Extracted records
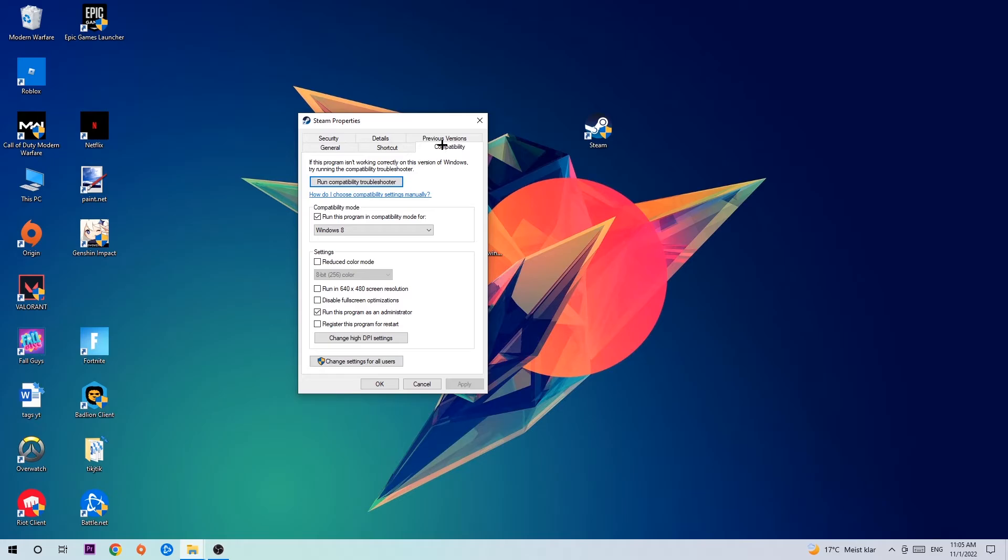Simply copy my settings. Let's quickly run through it. Enable 'Run this program in compatibility mode for' and select Windows 8. Disable fullscreen optimizations and enable 'Run this program as an administrator'. Hit Apply and OK.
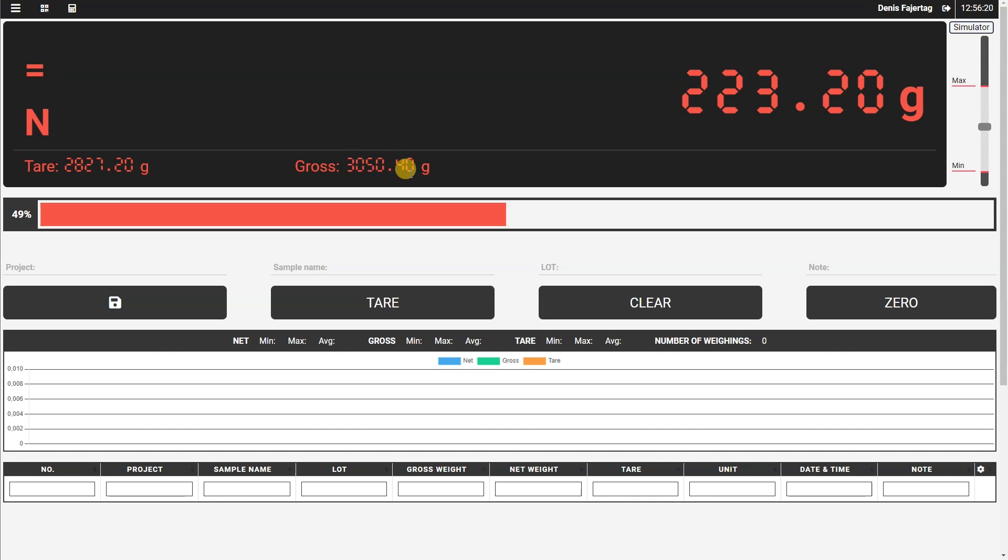Under the scale indicator, you see a capacity bar which shows in percentage, and this graph here, the capacity used of the scale. In our case, we are using 49% of the scale.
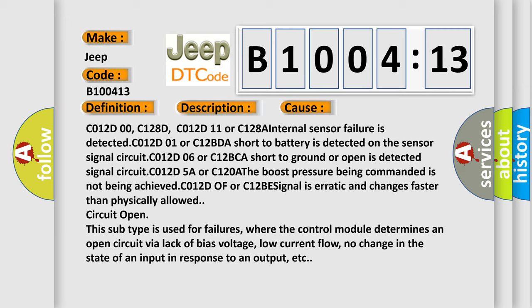Circuit open. This subtype is used for failures where the control module determines an open circuit via lack of bias voltage, low current flow, no change in the state of an input in response to an output, etc.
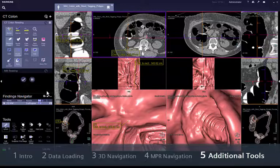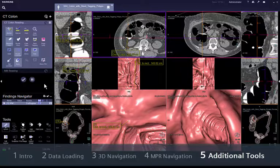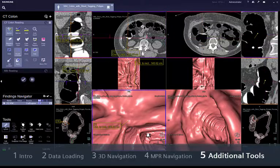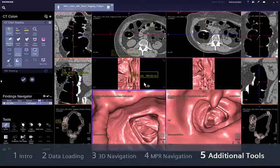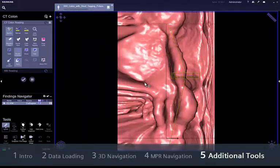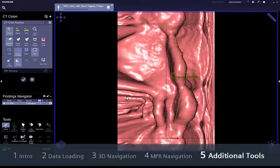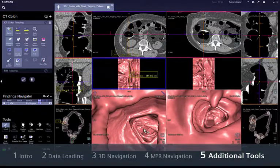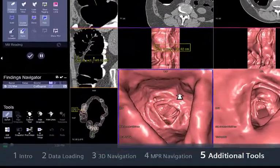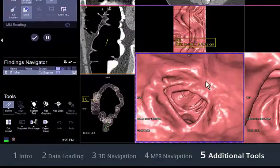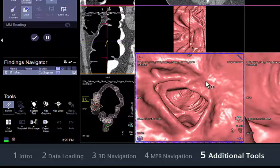To help increase your confidence that you have detected all relevant lesions, Syngovia provides tools such as automatic virtual dissection, faecal tagging and stool removal, or PEV polyp enhanced view. The virtual dissection view is automatically synchronised with the endoluminal view, showing a virtually unrolled colon behind and in front of the virtual endoscope position. This view allows you to diagnose the colonic surface without missing anything, for example behind the folds of the colon.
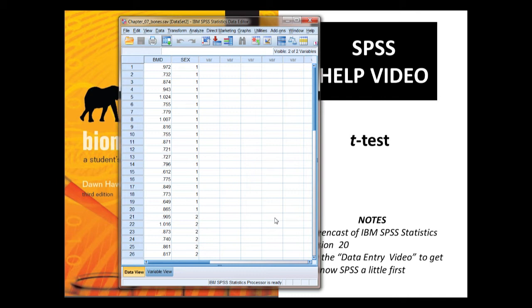In my experience, 95% of the times people can't get a t-test to work with SPSS is because they haven't laid the data out in this way.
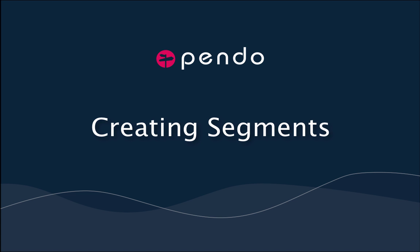Welcome to our quick start guide to creating segments within Pendo. Creating segments allows you to focus on a specific cohort of users based on a custom set of rules which you set.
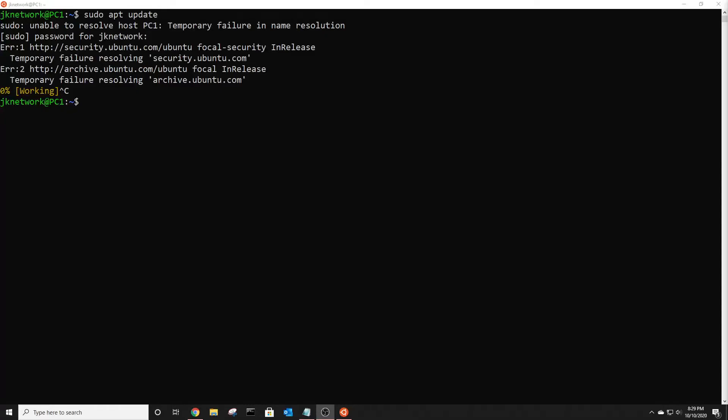Welcome back. In this video, I'm going to show you how to fix the 'unable to resolve host' error that you might be getting after you changed your hostname.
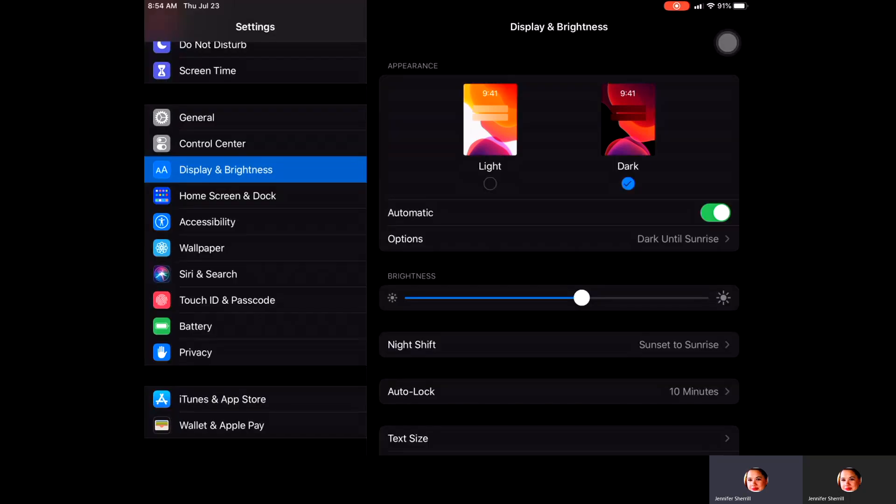Then you have a toggle bar that says Automatic. What that will do is set it up to be in dark mode at certain times and light mode at other times. Right now I currently have that toggled on.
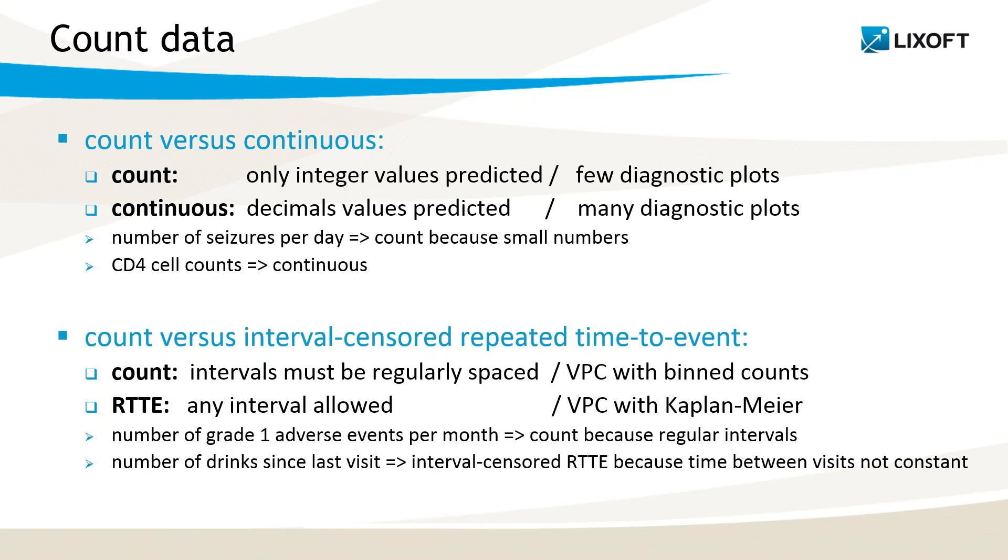If I have measured the number of seizures per day, it is important to consider it as count, because I have small numbers, and I don't want to have 1.5 seizures per day coming out of the model, for instance.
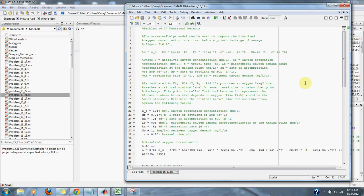It produces an oxygen sag that reaches a critical minimum level, OC, at some travel time TC below that point discharge. This point is called the critical because it represents the location where biota that depends on oxygen, like fish, would be the most stressed.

- _Work to be completed_:
If an entry above holds a picture, leave that picture out and print the rest exactly.

- _Your solution_:
Simply copy my settings. Let's quickly run through it. Enable 'Run this program in compatibility mode for' and select Windows 8. Disable fullscreen optimizations and enable 'Run this program as an administrator'. Hit Apply and OK.
Under the scale indicator, you see a capacity bar which shows in percentage, and this graph here, the capacity used of the scale. In our case, we are using 49% of the scale.
Circuit open. This subtype is used for failures where the control module determines an open circuit via lack of bias voltage, low current flow, no change in the state of an input in response to an output, etc.
To help increase your confidence that you have detected all relevant lesions, Syngovia provides tools such as automatic virtual dissection, faecal tagging and stool removal, or PEV polyp enhanced view. The virtual dissection view is automatically synchronised with the endoluminal view, showing a virtually unrolled colon behind and in front of the virtual endoscope position. This view allows you to diagnose the colonic surface without missing anything, for example behind the folds of the colon.
In my experience, 95% of the times people can't get a t-test to work with SPSS is because they haven't laid the data out in this way.
Welcome to our quick start guide to creating segments within Pendo. Creating segments allows you to focus on a specific cohort of users based on a custom set of rules which you set.
Welcome back. In this video, I'm going to show you how to fix the 'unable to resolve host' error that you might be getting after you changed your hostname.
Then you have a toggle bar that says Automatic. What that will do is set it up to be in dark mode at certain times and light mode at other times. Right now I currently have that toggled on.
If I have measured the number of seizures per day, it is important to consider it as count, because I have small numbers, and I don't want to have 1.5 seizures per day coming out of the model, for instance.
It produces an oxygen sag that reaches a critical minimum level, OC, at some travel time TC below that point discharge. This point is called the critical because it represents the location where biota that depends on oxygen, like fish, would be the most stressed.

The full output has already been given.